I stared on nowhere, and the gentle sound of clatters from the moved and used objects and kits were the only thing I heard. But, the subtle noise from the surrounding was drowned by my loud beating heart, and even more loudly when I heard a familiar tone of voice.

I was so sure of it, even when I’ve only heard of it in a short amount of time. I am certain on this one, even when the voice was muffled by mask. I know it too well; I know his voice and uniquely different tone of his own voice. I remember it.

Turning my whole attention, I looked up and realized I was right. Axel is in front me, with an injection on his hands covered with gloves, eyes supported with lens, mouth protected with mask. Our eyes met and this made me hear and realized my chaotic system clearly.

My heartbeat went crazy; fast, unsteady and loud. Different emotions mixed and I couldn’t name them anymore. A few moments passed until he sat in front of me. He held my arm; caressed it while he stared on my nerves intently. He stroked the carved nerves on my arm like it was art. And I gave myself a chance to feel his touch deeply in me.

This made me swallow the lump in my throat. The sensation from everything and anywhere on this place and moment had me in chaos. My head hurt from the sudden rise of my heart. And incoherent illogical thoughts started to flow all over my mind.

He looked and read something on my record paper placed on the table between us. I couldn’t see his eyes and jaw clearly, but it was obvious when his adam apple moved in a slow manner.

I remained quiet and weighed the situation. His attention came back to me; his fingers grazed on my arm and how foolish of me to think that it was laced with concern.

“…I’ll start,” He whispered and I didn’t answered.

The needle was inserted to my arm. I felt a twinge of pain from it but it was bearable. But I didn’t know what came to my senses when I muttered the words;

“It hurts…” I whispered.

Blood started to enter the shot on my arm. I swallowed the lump on my throat when I saw it. But, I also noticed how he faintly stops to pull the trigger for a moment. Then continued as he also mumbled the words;

“I’m sorry,” He whispered back. “I’m sorry, it won’t take long.

And

“Everything’s going to be fine after. You’re gonna be okay,”

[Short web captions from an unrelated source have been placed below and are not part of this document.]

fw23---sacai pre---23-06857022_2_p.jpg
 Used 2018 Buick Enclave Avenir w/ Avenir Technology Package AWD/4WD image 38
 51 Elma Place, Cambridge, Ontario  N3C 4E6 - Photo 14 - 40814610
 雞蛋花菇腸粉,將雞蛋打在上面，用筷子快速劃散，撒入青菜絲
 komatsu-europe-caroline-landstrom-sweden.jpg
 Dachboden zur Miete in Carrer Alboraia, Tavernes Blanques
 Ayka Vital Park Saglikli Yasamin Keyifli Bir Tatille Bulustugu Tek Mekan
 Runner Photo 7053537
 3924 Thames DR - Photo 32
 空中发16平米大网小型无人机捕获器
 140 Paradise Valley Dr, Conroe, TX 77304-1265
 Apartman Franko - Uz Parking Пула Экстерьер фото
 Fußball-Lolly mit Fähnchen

My heartbeat came running. It became more fast, loud and unsteady from what I felt before. I couldn’t breathe properly but at the same time, his words also calmed me down in a miracle. And even when the needle was gone on my arm, i remained my recent position in front of him; arm above the table, handed to him, waiting to get hurt again.

“…it still hurts.” I answered, whispering faintly with my soft small voice. I wasn’t even sure if he heard them. And I don’t know why I wish he did.

Axel was standing as he settled the things he used earlier. He arranged the things above the table but when he heard me whisper, he slowly went back from his position. He sat and focused his attention to me. He replaced my finger that held the round cotton with his own then he took care of my wounded arm.

“…it really hurts.” I said and I don’t even know what hurt me.

He touched to cotton on my affected limb, and held the wrist of my other arm weakly, like he’s asking for support—as if his touch on mine would give him strength. “No…” He said hoarsely; his deep rasping voice gave me goose bumps. “It won’t hurt anymore.

I nodded. We remained on our position; sitting in front of each other, large table between us, arms and fingers touched above our own, feeling both of our presence. I nodded again and again and again—heart so loud; bursting my chest, mind so loud; flowing my thoughts. I nodded again, even when I don’t really understand. I nodded again, even when I didn’t know what it means. I nodded again, even when I had no idea what hurts—on why it hurts.